Le “confessioni” pericolose
Anche la compagna di Protasevich, Sophia Sapega, studentessa di giurisprudenza presso la European Humanities University in Lituania, è stata interrogata e arrestata «come misura preventiva per aver commesso un reato», ha riferito alla Bbc il suo legale, Alexander Filanovich, che nemmeno sa di quale reato sia accusata la ragazza, in base a un accordo “di non divulgazione dei segreti dell’indagine”. Il canale Telegram filogovernativo Yellow Plums ha diffuso un breve video nel quale la ragazza, che appare in discrete condizioni di salute, “confessa” con tono cantilenante, quasi a sottolineare la “recitazione di un testo altrui”, di aver lavorato per un canale di social media (“Black book of Belarus”) che in passato ha pubblicato dati personali di alcuni dipendenti del governo (e questo è un reato). La detenzione preventiva, nell’apposito centro del Kgb a Minsk, è stata fissata in due mesi. Poi si vedrà.
Intanto Amnesty International ha lanciato una Azione Urgente, con la richiesta ai propri attivisti e simpatizzanti di sottoscrivere un modulo nel quale si chiede al Procuratore generale della Repubblica di Bielorussia, Andrei Shved, il rilascio immediato di Roman Protasevich (giornalista, non terrorista) e della sua compagna. «Il loro arresto è arbitrario e illegale», ha sostenuto Marie Struthers, direttrice di Amnesty International per l’Europa orientale e l’Asia centrale. «Dati i modelli di violazione dei diritti umani attuati da parte dei servizi segreti bielorussi, siamo seriamente preoccupati che la salute e la vita di Roman Protasevich siano in pericolo. Crediamo che la sua compagna Sophia Sapega, cittadina russa, sia stata arrestata solo per esercitare ulteriori pressioni su Roman». La Belarus Women’s Foundation, che pubblica in home page una carrellata di volti e di storie di donne finite nelle mani del regime, ha diffuso le cifre della repressione attuata in questi anni da Lukashenko: 35mila gli oppositori politici finiti in carcere, 258 i prigionieri politici (per aver commesso “reati” ideologici, 7 dei quali sono morti durante la detenzione.

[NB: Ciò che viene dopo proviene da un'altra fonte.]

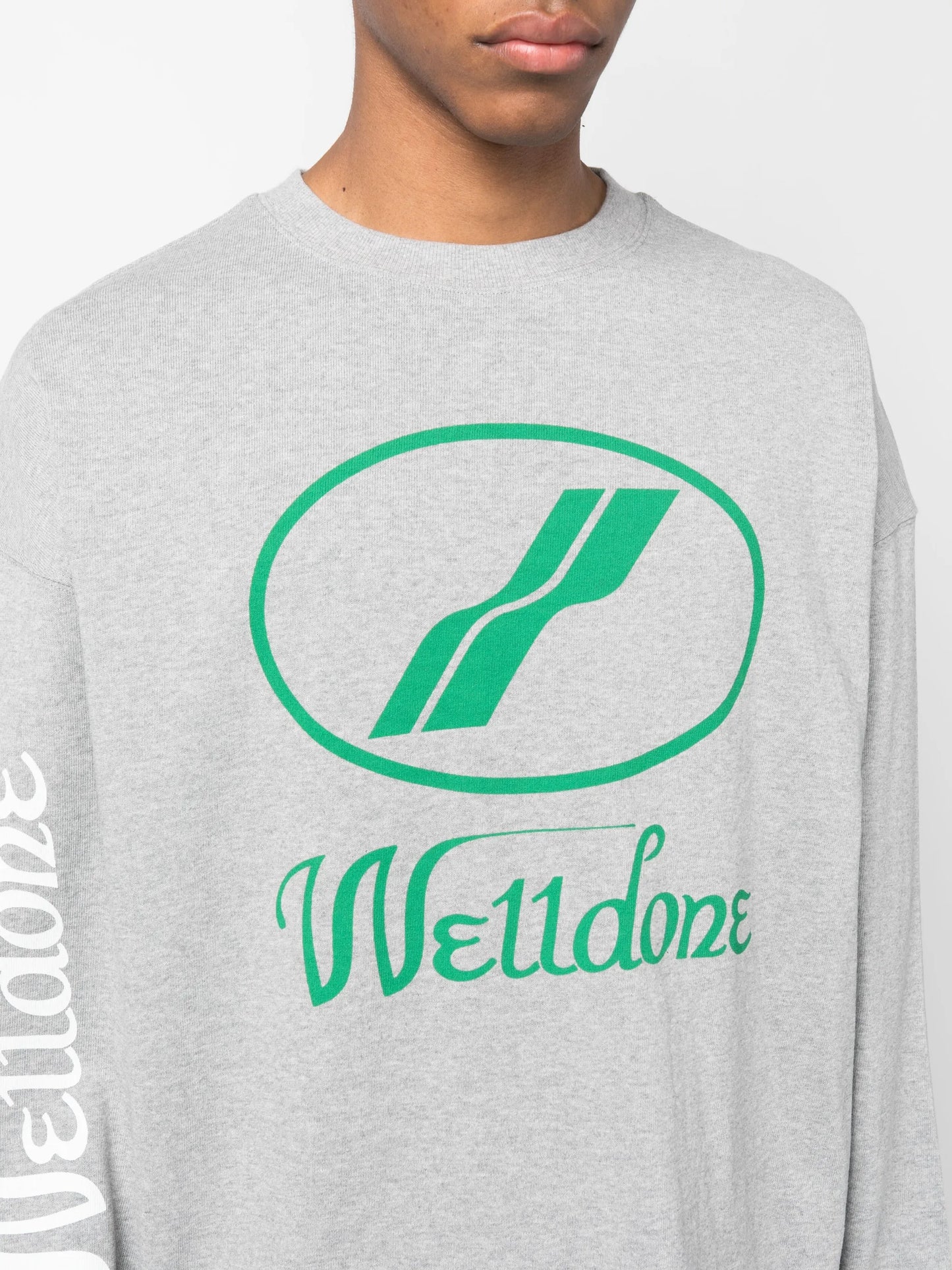 logo-print cotton jersey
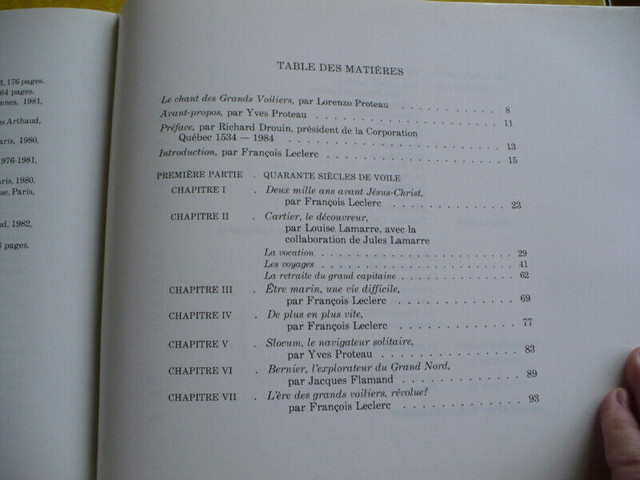 HIER,AUJOURD'HUI LES GRANDS VOILIERS(QUÉBEC 1534-1984 )Y.PROTEAU dans Autre  à Longueuil/Rive Sud - Image 3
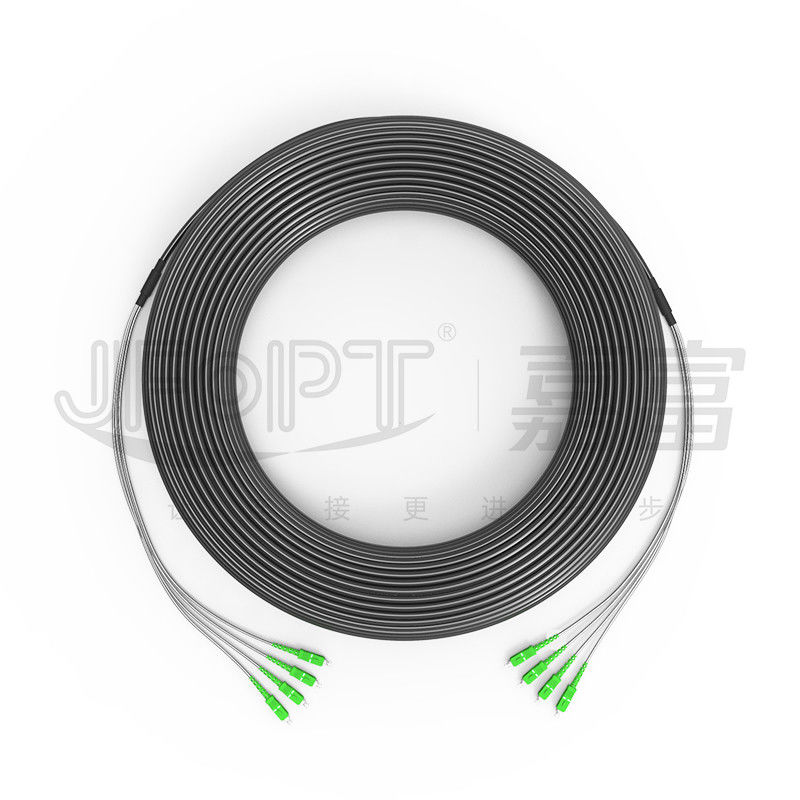 Cavo tattico di Ofc delle singole fibre tattiche corazzate del cavo a fibre ottiche 2-4 personalizzabile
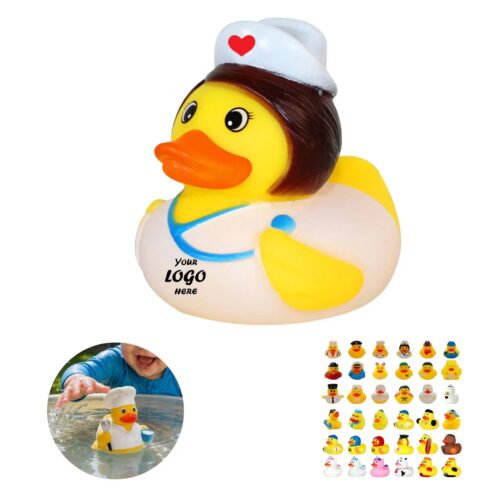 Vinyl Duck Bath Toy For Educational Pretend Play Sets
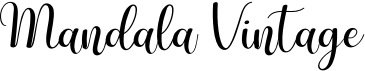 preview image of the Mandala Vintage font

E la situazione potrà soltanto peggiorare: pochi giorni fa il dittatore ha firmato la legge che consente alla polizia bielorussa di usare armi da fuoco contro i manifestanti. Ekaterina Ziuziuk, presidente dell'Associazione bielorussi in Italia, è ancora incredula per quanto accaduto: «Questa è la dimostrazione che il regime di Lukashenko non si fermerà davanti a nulla. Si sente impunito e fa quello che vuole. O meglio, quello che vuole lo faceva già prima all’interno dei suoi confini in Bielorussia: la novità oggi è che questa prepotenza e questa violenza esce da quei confini e può farlo impunemente». Con la minacciosa presenza, sullo sfondo, del Cremlino.